Aber auch im Kleinen herrscht eine Fern- und keine Nahraumorientierung vor: Einkaufsmärkte und Freizeitparks entstehen nach dem Muster von Disneyland auf der grünen Wiese und werben um Kunden aus einem Umkreis von Hunderten von Kilometern. Der Verkehrswissenschaftler Helmut Holzapfel resümiert diese Entwicklung so: „Eine Umwertung der Geographie findet statt. Es wird leichter, mit der Bahn in ein 200 bis 400 Kilometer entferntes Zentrum zu gelangen als in eine 40 Kilometer entfernte Kleinstadt. Unterstützt wird die abnehmende Bedeutung der Lokalität durch einen ungebrochenen Sog gesellschaftlicher Differenzierung und Flexibilisierung.“

Im Zuge dieser Entwicklungen zerfallen räumliche Bindungen, Traditionen bröckeln. Diesen Zusammenhang betont der britische Soziologe Anthony Giddens: „Tradition ist stets mit einem Ursprungsort oder mit zentralen Orten verbunden.“ Der Berliner Politologe Guggenberger hat den Begriff der „Zeitgenossenschaft“ geprägt. Nicht mehr der konkrete Ort ist für die Identitätsfindung entscheidend, sondern die in der Mehrzahl medial vermittelten Ereignisse und Erlebnisse einer bestimmten Zeit oder Epoche. Einschnitte wie Krieg oder Nachkrieg, Beatles und 68er-Erlebnisse überlagen als Sozialisationsinstanzen die Erfahrungen vor Ort. Wichtig ist nicht mehr, an einem bestimmten Ort geboren und aufgewachsen zu sein, sondern Teil einer bestimmten Generation zu sein.

Darüber hinaus entwickeln sich globale Zwänge. Nicht örtliche Kontinuität, sondern berufliche Mobilität ist gefordert. Ein Ökonom formulierte gerade als Gastkommentator des Düsseldorfer Handelsblatts, was die gängige Erwartung ist: „Wer gut qualifiziert ist und beruflich oder räumlich mobil ist, kommt flott voran. Unqualifizierte und Unbewegliche verlieren im Strukturwandel.“ Das Dilemma ist offenkundig. Auf der einen Seite steht die politisch korrekte Forderung nach der Stärkung des Nahraumes.
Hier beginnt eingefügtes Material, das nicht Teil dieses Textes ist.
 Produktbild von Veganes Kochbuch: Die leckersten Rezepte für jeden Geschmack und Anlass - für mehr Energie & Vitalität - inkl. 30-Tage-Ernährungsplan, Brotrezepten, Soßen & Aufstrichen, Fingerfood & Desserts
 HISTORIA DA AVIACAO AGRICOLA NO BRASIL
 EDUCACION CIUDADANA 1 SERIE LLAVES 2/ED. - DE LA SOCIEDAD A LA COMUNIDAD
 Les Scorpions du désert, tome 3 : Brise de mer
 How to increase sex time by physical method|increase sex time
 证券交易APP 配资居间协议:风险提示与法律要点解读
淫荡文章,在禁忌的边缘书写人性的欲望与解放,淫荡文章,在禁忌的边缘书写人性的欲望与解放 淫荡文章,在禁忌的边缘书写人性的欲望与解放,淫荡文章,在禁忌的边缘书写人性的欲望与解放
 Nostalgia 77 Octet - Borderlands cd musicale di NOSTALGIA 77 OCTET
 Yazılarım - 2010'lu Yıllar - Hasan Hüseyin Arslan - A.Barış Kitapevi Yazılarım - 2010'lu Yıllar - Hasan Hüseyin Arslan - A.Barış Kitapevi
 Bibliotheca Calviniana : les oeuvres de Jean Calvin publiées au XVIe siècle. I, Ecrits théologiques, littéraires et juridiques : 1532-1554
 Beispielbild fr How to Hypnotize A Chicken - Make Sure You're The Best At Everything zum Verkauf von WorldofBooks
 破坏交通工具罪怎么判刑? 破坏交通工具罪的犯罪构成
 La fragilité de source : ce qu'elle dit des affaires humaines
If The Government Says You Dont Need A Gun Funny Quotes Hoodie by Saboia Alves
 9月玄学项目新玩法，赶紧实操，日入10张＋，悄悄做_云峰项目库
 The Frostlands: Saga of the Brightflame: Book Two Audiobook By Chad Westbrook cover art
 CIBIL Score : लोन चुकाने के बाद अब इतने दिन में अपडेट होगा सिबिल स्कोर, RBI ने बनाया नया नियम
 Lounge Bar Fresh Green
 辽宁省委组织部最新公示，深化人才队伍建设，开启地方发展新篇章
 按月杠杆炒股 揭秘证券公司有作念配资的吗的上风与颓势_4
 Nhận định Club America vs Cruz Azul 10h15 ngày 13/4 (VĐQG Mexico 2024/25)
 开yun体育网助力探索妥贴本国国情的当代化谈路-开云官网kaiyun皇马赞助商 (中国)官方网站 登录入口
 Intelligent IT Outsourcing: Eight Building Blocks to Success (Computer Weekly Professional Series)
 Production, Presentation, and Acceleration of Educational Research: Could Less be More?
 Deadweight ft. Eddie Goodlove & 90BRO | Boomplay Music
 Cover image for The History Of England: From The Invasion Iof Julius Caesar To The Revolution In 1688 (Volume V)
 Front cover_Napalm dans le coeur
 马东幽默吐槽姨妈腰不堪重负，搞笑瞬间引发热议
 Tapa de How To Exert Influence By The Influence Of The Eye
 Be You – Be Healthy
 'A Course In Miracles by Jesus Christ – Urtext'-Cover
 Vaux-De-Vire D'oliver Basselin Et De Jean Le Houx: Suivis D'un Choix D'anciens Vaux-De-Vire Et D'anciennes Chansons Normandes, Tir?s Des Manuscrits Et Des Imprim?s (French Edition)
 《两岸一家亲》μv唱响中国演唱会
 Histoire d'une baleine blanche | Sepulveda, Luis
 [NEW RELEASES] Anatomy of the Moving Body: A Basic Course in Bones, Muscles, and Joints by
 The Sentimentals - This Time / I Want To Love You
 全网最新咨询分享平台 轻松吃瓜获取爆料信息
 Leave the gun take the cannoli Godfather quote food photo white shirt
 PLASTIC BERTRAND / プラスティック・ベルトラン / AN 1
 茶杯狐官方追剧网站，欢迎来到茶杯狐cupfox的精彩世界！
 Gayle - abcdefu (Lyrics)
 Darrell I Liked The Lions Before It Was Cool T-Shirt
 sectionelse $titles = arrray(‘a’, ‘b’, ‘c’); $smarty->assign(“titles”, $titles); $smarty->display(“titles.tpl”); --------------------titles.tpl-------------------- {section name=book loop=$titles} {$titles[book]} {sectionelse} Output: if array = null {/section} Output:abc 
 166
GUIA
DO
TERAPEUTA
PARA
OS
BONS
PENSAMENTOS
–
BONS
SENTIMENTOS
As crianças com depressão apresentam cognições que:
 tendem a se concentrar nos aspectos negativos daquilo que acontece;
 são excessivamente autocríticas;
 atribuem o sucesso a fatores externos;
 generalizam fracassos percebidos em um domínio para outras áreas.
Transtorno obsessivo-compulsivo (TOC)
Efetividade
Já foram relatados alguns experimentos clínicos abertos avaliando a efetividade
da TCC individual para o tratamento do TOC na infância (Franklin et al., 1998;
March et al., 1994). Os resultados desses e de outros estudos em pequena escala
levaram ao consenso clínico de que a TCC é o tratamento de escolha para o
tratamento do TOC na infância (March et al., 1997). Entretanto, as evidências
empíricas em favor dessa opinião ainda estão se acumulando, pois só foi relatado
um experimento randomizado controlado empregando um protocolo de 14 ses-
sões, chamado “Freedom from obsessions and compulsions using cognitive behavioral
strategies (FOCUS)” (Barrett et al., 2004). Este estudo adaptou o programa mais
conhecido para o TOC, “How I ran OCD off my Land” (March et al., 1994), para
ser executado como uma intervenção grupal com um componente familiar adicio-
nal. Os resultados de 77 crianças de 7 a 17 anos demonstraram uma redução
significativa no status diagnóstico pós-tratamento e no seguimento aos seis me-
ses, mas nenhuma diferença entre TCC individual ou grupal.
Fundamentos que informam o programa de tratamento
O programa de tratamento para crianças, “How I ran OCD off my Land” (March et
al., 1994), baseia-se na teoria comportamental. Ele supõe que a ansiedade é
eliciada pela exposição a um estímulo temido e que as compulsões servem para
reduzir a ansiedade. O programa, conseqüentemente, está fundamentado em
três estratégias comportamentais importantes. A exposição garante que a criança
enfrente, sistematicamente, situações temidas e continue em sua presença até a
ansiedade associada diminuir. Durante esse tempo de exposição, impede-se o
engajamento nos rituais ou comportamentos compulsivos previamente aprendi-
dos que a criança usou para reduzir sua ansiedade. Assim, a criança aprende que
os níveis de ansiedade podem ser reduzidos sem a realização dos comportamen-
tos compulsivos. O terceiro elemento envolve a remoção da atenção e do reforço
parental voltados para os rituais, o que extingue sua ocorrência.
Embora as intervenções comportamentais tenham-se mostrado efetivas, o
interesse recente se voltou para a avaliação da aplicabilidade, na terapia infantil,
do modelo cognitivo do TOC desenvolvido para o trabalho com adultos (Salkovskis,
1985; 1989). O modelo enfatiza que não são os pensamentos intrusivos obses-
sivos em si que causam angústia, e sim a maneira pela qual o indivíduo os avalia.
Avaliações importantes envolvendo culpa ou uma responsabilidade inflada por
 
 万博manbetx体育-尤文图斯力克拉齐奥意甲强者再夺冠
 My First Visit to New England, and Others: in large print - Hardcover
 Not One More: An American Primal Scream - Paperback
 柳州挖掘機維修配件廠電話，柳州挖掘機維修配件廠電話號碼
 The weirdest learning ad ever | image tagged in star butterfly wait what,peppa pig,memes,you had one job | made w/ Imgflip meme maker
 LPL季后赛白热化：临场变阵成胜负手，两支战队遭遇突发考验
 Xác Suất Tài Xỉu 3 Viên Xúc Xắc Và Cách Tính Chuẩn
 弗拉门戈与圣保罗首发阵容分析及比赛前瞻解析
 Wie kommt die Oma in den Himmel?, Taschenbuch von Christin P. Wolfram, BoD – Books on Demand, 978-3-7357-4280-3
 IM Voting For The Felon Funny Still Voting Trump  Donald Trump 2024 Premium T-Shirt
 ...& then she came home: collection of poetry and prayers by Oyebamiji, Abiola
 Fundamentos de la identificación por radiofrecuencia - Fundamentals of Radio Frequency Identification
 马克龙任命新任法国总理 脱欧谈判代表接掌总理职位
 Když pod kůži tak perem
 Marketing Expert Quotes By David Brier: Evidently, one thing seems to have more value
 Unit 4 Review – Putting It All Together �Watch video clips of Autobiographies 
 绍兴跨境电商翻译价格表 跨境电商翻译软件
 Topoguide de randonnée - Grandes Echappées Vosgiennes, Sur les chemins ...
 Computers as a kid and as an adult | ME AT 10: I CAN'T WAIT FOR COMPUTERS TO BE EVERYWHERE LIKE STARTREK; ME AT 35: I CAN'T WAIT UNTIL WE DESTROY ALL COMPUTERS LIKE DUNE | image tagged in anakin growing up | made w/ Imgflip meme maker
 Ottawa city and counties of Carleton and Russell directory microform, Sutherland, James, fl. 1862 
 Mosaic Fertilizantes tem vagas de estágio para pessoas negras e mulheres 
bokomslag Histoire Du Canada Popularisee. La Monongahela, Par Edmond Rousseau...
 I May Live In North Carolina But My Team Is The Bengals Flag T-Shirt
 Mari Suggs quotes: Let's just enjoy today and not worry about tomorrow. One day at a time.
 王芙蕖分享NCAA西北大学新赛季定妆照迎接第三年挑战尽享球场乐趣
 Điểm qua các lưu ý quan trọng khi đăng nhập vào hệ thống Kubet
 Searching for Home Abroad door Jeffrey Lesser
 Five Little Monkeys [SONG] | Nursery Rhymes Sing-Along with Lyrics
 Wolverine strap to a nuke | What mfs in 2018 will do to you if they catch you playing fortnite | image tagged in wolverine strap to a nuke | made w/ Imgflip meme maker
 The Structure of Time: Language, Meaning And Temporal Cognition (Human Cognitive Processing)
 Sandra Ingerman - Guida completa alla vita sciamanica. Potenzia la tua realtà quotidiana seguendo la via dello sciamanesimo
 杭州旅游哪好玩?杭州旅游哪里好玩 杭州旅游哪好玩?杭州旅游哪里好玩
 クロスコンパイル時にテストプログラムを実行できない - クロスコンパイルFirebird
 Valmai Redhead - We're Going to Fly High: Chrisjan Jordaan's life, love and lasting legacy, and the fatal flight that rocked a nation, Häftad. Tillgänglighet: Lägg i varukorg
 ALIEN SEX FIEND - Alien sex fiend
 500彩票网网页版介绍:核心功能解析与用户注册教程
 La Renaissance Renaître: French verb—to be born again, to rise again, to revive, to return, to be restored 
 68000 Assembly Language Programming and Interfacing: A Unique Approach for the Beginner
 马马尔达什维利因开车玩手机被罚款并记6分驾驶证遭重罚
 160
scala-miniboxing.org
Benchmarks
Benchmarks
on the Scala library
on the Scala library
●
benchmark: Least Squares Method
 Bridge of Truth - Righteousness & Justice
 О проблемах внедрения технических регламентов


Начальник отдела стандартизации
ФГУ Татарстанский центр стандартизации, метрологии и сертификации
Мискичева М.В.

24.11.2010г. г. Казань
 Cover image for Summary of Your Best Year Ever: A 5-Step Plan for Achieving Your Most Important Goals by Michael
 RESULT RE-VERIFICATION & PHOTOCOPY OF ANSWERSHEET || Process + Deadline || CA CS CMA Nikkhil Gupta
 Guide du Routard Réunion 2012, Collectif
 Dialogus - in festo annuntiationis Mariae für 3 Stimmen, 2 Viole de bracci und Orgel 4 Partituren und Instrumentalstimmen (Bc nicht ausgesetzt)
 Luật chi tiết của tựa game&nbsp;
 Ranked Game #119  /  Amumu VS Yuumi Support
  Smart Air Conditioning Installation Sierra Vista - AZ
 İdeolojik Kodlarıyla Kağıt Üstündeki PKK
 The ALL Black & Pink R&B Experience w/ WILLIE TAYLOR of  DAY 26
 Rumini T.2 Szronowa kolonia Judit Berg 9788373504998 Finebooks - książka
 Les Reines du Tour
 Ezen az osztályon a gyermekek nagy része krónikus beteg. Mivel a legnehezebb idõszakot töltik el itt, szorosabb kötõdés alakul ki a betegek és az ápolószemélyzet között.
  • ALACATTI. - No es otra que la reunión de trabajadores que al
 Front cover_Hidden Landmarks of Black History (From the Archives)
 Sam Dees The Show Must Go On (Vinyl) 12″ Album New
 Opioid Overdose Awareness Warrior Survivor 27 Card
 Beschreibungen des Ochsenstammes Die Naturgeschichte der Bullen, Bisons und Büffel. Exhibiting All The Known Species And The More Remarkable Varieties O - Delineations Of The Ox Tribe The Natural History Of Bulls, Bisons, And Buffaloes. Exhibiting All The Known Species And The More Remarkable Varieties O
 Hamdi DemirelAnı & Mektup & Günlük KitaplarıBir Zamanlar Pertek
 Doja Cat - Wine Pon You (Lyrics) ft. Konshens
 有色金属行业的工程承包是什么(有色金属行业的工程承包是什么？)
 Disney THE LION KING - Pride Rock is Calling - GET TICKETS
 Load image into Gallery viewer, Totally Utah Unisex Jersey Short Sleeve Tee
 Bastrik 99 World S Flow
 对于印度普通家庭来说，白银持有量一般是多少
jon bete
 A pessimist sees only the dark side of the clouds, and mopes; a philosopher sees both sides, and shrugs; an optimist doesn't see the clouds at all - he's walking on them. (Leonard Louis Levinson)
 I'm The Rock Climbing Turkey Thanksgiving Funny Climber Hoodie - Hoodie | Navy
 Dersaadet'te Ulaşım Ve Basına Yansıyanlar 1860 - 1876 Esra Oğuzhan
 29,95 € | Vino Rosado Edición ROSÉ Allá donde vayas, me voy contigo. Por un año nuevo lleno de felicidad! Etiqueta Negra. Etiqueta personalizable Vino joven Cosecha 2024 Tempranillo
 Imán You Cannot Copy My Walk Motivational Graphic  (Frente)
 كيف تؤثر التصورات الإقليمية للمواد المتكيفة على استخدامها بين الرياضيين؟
Zweifellos muß die Verkehrsbelastung drastisch verringert werden.

Nachhaltig und zukunftsfähig ist der automobilzentrierte Verkehr auch dann nicht, wenn sich in einigen Jahren wider Erwarten das 3-Liter-Auto durchsetzt. Das Platzproblem gerade in Ballungsräumen bleibt und wird sich verschärfen. Der Einsatz moderner Telematik-Systeme kann höchstens schadensbegrenzend wirken. Auf der anderen Seite laufen alle wichtigen Entwicklungen derzeit auf eine zunehmende Fernraumorientierung hinaus. Biographien organisieren sich heute erheblich globaler. Solange die Ausdehnung der Räume auf der politischen Tagesordnung steht, solange Zugänge erweitert und erleichtert werden, dehnen sich auch die Möglichkeitsräume weiter aus. Politikkonzepte einer nachhaltigen Stadt- und Regionalplanung werden damit ins Leere laufen. Eine Konzentration der politischen Maßnahmen auf den lokalen Bereich als zentralem Hebel für eine veränderte Verkehrsmittelwahl kann allein jedenfalls nicht die gewünschte Steuerungswirkung entfalten. Im Gegenteil: Es besteht die Gefahr, daß sich die Empfehlungen der Verkehrsforschung an die Stadt- und Regionalplanung zur Realisierung von attraktiven Stadtquartieren, um „Zwangsverkehre“ abzubauen, als regelrechte „Gestaltungsfalle“ entpuppen.

Wenn diese Annahmen stimmen, entfalten urban aufgewertete Räume sogar eine verkehrserzeugende Dynamik. Denn gerade in solchen Quartieren sind die sozialen Schichten überrepräsentiert, die für ein „komplementäres“ Verständnis von Urbanität prädestiniert erscheinen. Die Kiezidylle bleibt, die Mobilität verlagert sich in den Raum. Das heißt mehr Verkehr und nicht weniger.